Your instructions - The records that follow are to be transcribed in full, leaving out each picture.

Crawled caption data
┄┄┄┄┄┄

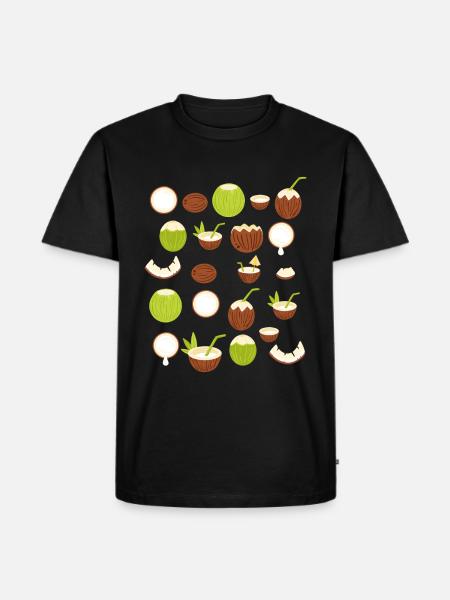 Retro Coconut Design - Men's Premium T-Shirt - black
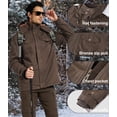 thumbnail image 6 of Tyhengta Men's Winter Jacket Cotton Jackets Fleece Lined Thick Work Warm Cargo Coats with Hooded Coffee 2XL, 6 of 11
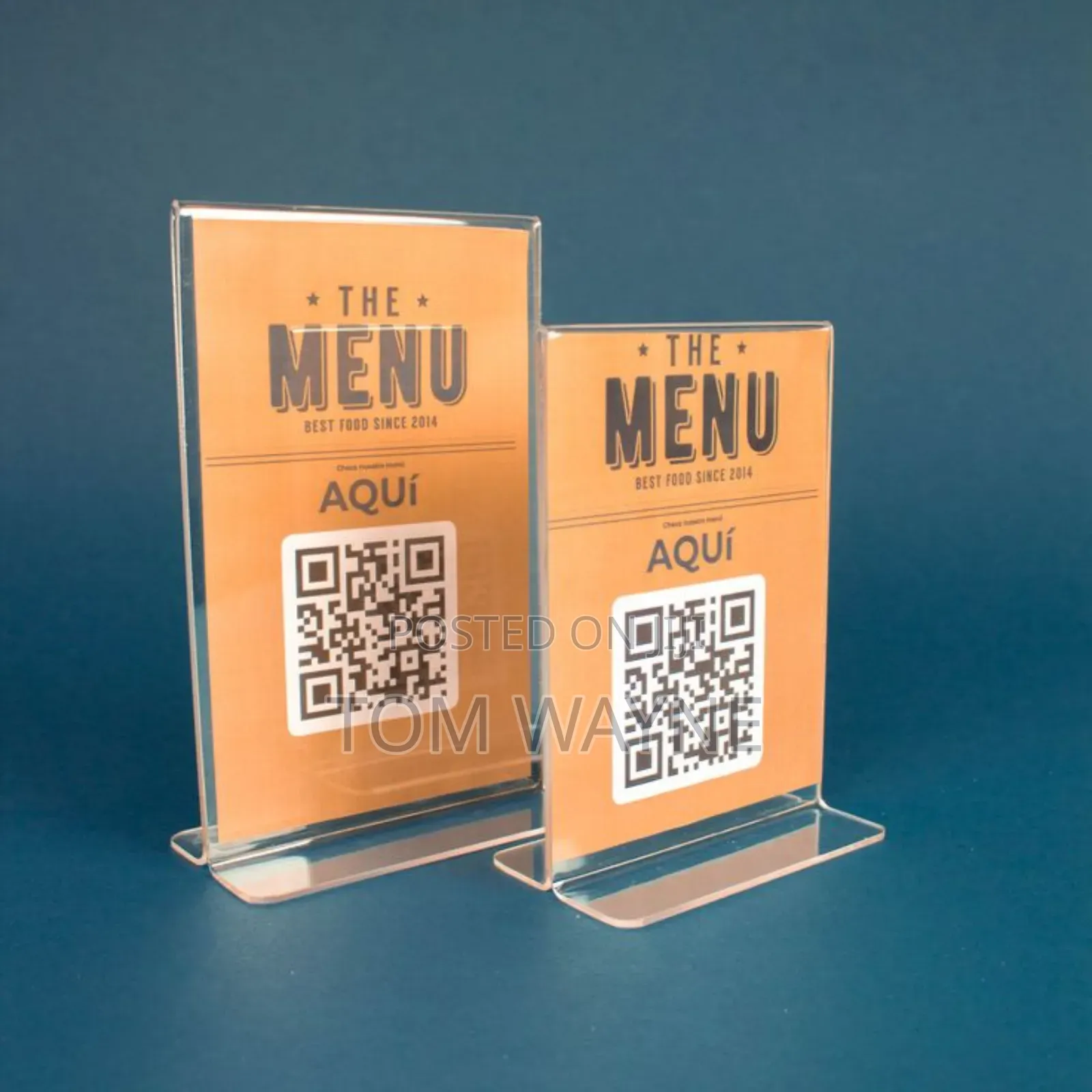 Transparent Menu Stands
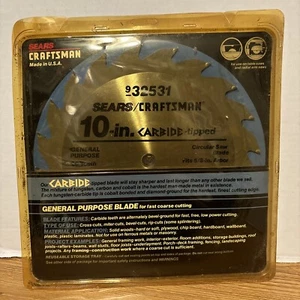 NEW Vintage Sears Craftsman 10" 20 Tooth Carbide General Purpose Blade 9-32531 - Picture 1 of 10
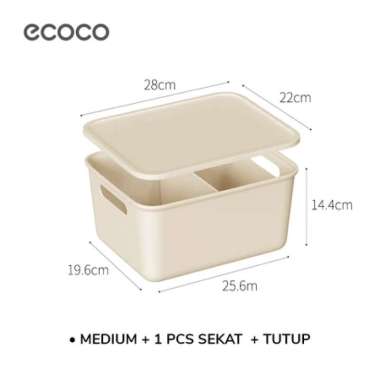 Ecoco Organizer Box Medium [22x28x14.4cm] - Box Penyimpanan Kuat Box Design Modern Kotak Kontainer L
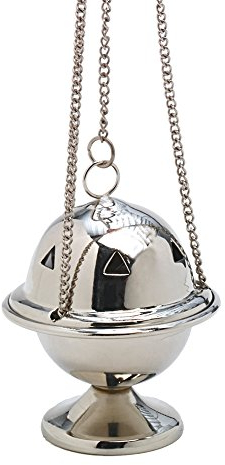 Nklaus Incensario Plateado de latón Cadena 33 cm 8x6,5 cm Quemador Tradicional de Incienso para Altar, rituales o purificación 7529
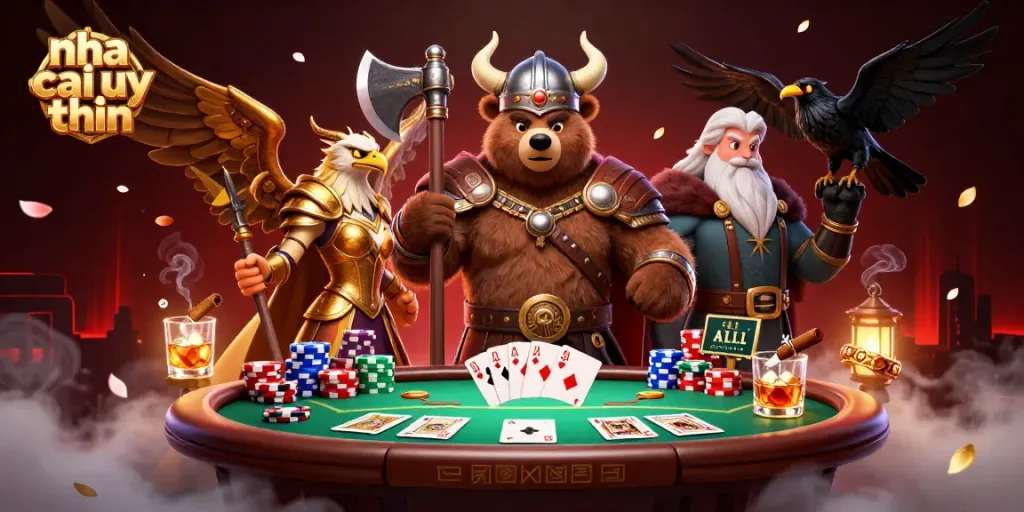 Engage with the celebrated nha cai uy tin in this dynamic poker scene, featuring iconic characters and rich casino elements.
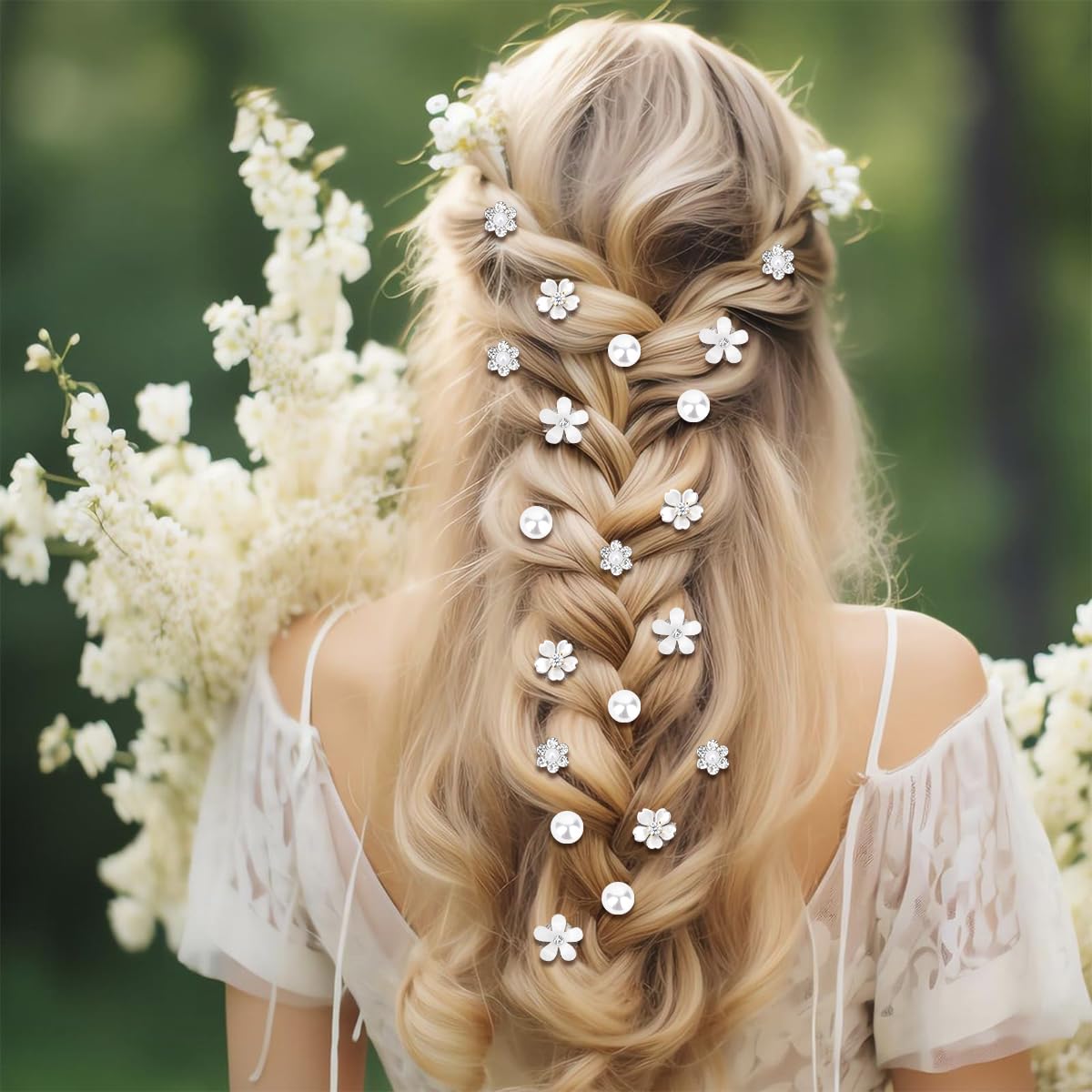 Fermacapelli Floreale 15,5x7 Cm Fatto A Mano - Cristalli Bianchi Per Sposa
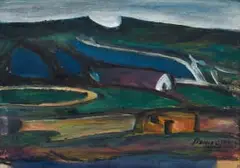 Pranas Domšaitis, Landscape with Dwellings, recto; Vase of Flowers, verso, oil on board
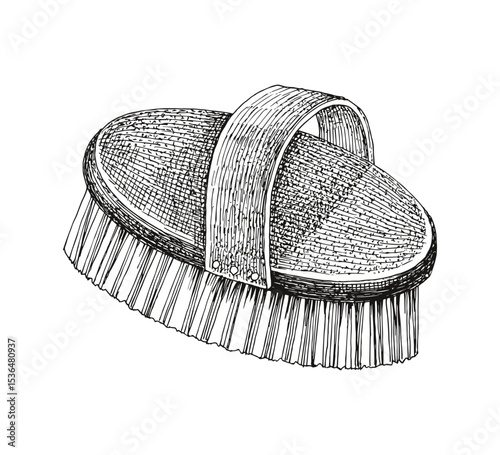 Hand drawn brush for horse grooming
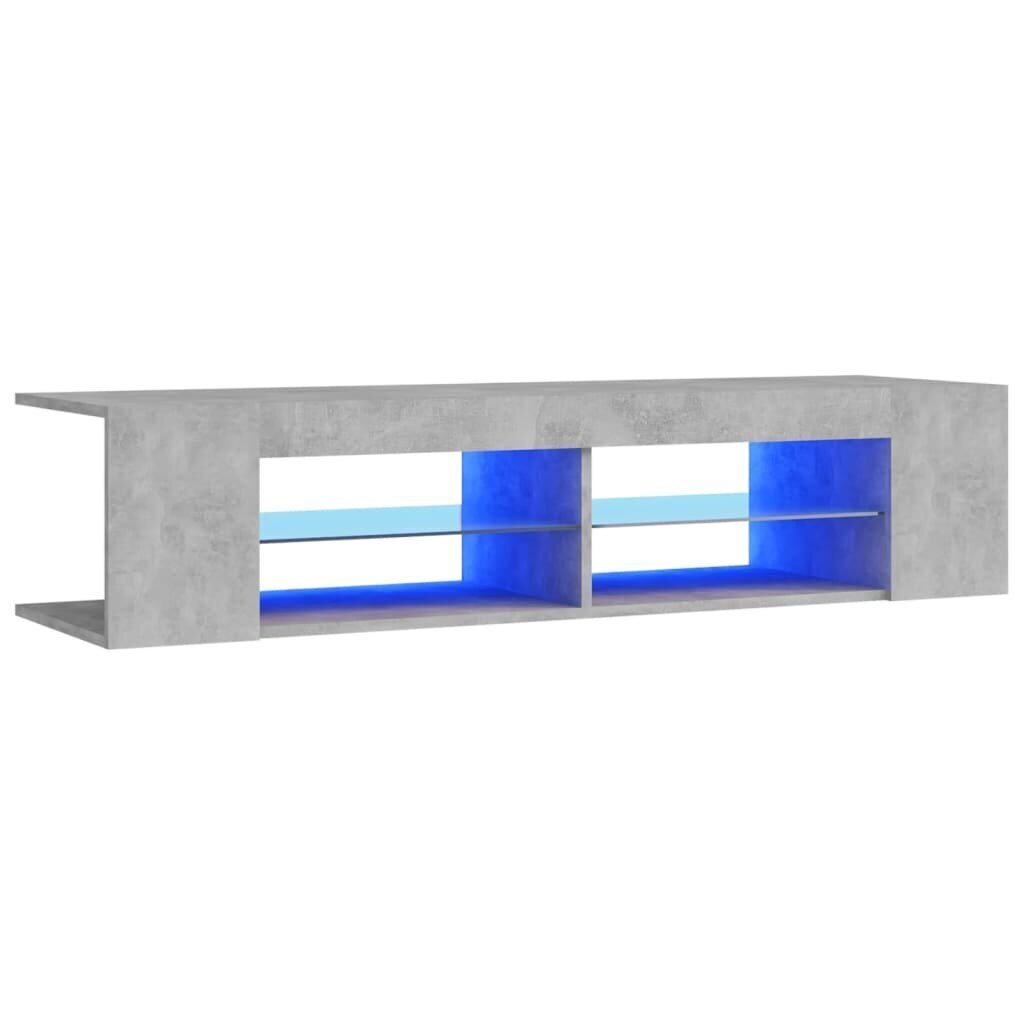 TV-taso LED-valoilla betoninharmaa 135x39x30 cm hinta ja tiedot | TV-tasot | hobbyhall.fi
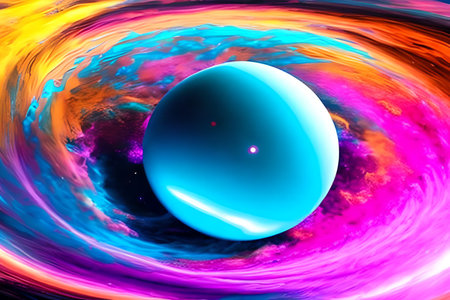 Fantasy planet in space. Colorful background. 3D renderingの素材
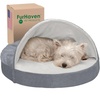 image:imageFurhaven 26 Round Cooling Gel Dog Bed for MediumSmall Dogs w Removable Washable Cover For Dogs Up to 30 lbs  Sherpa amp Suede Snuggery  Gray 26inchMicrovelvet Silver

┄┄┄┄┄┄

Solution -
 Retro Coconut Design - Men's Premium T-Shirt - black
 thumbnail image 6 of Tyhengta Men's Winter Jacket Cotton Jackets Fleece Lined Thick Work Warm Cargo Coats with Hooded Coffee 2XL, 6 of 11
 Transparent Menu Stands
 NEW Vintage Sears Craftsman 10" 20 Tooth Carbide General Purpose Blade 9-32531 - Picture 1 of 10
 Ecoco Organizer Box Medium [22x28x14.4cm] - Box Penyimpanan Kuat Box Design Modern Kotak Kontainer L
 Nklaus Incensario Plateado de latón Cadena 33 cm 8x6,5 cm Quemador Tradicional de Incienso para Altar, rituales o purificación 7529
 Engage with the celebrated nha cai uy tin in this dynamic poker scene, featuring iconic characters and rich casino elements.
 Fermacapelli Floreale 15,5x7 Cm Fatto A Mano - Cristalli Bianchi Per Sposa
 Pranas Domšaitis, Landscape with Dwellings, recto; Vase of Flowers, verso, oil on board
 Hand drawn brush for horse grooming
 TV-taso LED-valoilla betoninharmaa 135x39x30 cm hinta ja tiedot | TV-tasot | hobbyhall.fi
 Fantasy planet in space. Colorful background. 3D renderingの素材
 image:imageFurhaven 26 Round Cooling Gel Dog Bed for MediumSmall Dogs w Removable Washable Cover For Dogs Up to 30 lbs  Sherpa amp Suede Snuggery  Gray 26inchMicrovelvet Silver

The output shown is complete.